We are running a trt model with tensorrt_platform on triton inference server. When using the perf_analyzer we see linear increase in latency when we increase batch size:
batch size 1: 49.4 infer/sec, latency 20488 usec
batch size 2: 49.2 infer/sec, latency 41419 usec
batch size 3: 48.6 infer/sec, latency 62209 usec
we also see near-linear increase in latency when we add concurrency:
Concurrency: 1, throughput: 51.4 infer/sec, latency 20192 usec
Concurrency: 2, throughput: 60.4 infer/sec, latency 33602 usec
Concurrency: 3, throughput: 59.8 infer/sec, latency 51003 usec
Concurrency: 4, throughput: 59 infer/sec, latency 68353 usec
I have increased max batch size to 8G, there is no change in outcome.
Model runs batch-agnostic and 10x faster when using torch2trt TRT_Module.

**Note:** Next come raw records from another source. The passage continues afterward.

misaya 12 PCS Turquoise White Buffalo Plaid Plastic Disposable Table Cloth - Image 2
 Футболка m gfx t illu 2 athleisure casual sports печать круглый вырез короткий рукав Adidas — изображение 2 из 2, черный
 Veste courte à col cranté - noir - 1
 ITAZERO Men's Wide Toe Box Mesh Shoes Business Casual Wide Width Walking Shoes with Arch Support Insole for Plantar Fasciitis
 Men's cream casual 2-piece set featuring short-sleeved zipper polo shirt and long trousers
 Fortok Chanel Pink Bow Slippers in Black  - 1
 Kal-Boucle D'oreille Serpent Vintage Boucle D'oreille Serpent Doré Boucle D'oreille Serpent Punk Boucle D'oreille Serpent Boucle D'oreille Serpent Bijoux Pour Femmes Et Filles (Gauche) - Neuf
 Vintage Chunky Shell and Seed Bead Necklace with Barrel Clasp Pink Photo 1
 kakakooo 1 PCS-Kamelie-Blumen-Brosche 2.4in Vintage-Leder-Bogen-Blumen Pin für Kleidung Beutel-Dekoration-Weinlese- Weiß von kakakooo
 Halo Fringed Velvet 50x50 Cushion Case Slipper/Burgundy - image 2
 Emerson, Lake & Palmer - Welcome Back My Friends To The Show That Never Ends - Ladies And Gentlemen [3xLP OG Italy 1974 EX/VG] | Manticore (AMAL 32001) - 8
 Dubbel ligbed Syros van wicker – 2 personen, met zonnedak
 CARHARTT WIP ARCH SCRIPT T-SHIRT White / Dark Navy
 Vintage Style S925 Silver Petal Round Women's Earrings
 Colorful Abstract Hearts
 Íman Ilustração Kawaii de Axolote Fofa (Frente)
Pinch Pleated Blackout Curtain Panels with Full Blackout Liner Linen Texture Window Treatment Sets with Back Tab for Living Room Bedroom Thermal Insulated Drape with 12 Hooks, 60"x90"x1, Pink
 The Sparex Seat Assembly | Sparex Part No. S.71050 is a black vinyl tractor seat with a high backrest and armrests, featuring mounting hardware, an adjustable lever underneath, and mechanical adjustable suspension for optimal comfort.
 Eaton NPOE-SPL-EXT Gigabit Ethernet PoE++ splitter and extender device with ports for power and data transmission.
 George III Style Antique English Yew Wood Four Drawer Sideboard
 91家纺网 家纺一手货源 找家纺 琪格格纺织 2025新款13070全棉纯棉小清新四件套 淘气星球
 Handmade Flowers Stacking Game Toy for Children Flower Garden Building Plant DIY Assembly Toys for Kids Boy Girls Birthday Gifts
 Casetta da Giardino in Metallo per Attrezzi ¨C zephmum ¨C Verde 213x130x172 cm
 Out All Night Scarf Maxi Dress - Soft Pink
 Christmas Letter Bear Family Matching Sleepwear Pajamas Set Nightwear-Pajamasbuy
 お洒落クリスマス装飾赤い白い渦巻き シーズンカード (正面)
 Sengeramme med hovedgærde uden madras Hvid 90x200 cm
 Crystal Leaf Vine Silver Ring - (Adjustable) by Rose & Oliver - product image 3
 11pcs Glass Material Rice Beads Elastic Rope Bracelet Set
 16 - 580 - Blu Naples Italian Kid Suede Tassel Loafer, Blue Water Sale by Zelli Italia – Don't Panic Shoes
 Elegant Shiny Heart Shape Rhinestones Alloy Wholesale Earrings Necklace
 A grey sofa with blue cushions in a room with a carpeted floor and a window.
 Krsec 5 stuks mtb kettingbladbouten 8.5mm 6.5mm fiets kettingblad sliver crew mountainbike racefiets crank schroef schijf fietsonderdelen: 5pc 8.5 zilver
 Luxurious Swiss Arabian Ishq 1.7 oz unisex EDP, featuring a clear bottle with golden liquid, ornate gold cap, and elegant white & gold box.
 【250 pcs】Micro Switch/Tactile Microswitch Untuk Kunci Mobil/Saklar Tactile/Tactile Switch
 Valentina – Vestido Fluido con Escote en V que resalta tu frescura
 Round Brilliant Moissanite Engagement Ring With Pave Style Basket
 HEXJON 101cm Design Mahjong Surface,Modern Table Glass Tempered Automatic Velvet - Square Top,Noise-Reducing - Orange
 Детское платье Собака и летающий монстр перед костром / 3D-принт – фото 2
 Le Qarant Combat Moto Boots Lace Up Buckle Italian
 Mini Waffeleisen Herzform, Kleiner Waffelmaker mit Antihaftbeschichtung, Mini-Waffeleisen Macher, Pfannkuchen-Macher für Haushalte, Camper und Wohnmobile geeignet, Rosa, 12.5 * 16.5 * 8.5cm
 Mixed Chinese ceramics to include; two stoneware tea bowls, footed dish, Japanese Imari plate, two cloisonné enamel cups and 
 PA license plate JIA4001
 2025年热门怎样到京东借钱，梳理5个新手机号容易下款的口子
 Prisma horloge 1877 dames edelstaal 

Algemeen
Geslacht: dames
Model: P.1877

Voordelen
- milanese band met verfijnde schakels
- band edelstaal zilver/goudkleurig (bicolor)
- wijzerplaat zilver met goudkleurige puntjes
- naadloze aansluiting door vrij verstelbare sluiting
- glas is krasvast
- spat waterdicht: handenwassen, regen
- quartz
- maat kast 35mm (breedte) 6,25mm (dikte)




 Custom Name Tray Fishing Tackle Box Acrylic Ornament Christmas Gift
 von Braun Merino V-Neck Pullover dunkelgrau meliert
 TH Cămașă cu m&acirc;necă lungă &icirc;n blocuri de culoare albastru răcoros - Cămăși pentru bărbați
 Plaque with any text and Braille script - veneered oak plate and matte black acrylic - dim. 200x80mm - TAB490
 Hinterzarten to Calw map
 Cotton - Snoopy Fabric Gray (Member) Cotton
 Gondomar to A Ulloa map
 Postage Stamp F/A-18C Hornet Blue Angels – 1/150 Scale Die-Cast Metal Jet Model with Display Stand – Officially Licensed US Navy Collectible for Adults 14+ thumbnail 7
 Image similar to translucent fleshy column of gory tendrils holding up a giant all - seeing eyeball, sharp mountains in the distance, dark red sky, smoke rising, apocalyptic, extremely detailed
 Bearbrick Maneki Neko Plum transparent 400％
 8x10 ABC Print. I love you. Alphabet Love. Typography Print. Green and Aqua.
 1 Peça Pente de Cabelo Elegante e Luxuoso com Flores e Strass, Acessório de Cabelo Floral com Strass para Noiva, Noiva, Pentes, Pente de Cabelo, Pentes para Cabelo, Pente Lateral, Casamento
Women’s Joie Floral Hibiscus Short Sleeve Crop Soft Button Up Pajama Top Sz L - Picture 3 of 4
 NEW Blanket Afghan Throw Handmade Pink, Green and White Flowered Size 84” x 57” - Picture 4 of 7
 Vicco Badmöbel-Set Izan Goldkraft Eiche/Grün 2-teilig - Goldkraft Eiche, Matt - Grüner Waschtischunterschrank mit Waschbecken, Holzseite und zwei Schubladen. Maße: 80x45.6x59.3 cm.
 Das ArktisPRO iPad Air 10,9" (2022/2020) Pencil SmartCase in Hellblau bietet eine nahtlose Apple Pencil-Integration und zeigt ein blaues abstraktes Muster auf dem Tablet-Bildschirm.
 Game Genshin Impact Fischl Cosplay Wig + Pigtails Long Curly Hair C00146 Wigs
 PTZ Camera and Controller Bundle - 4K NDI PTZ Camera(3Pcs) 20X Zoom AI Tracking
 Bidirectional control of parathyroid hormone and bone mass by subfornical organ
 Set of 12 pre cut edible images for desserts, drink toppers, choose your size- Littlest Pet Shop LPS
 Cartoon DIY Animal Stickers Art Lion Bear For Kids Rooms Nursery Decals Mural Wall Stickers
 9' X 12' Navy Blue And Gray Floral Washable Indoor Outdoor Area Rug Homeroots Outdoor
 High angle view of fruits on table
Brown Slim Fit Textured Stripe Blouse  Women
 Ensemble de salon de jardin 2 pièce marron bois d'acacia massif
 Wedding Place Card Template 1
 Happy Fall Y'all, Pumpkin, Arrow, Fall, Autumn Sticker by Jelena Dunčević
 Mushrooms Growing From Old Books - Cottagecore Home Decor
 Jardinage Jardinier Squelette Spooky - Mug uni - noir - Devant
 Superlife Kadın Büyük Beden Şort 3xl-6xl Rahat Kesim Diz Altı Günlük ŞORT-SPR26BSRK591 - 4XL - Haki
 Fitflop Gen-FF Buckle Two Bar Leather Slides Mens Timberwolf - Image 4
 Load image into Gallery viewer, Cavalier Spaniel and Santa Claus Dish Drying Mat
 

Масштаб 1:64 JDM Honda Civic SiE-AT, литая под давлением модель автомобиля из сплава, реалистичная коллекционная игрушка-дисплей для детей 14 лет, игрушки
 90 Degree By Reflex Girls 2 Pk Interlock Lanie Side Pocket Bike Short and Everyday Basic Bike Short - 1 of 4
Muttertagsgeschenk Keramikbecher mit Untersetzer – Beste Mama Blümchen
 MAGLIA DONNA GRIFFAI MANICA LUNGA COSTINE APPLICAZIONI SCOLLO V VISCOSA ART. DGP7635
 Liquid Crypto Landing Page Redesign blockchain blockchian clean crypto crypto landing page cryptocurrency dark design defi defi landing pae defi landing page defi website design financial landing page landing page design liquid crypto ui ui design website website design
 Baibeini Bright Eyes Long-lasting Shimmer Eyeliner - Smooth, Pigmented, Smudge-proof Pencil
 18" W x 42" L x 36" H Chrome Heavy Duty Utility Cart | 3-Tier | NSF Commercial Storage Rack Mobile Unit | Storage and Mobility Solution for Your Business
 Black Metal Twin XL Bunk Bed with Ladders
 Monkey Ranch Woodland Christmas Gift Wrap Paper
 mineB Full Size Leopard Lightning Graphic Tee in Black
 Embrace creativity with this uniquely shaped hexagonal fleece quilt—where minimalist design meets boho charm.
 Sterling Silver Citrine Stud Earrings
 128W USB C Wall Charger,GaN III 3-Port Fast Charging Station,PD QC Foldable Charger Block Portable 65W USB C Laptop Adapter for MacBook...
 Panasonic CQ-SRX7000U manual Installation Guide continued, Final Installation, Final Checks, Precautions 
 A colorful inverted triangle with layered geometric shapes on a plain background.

similar issues without (non-generic) answer:
Can tensorrt models be made batch-size agnostic? what about concurrency-agnostic?
TensorRT Version: 188.8.131.52
GPU Type: T4 (same issue occurs on V100)
Nvidia Driver Version: 450.119.03
CUDA Version: 11.3
Operating System + Version: Ubuntu 18.04
Container (if container which image + tag): tritonserver:21.05-py3
we are running a auto-encoder model on 360x640 images, cannot share here due to IP
- export model to tensorrt (using onnx2trt or torch2trt - same outcome with both), with dynamic batch size
- use triton tensorrt_plan platform
- run perf_analyzer on trt model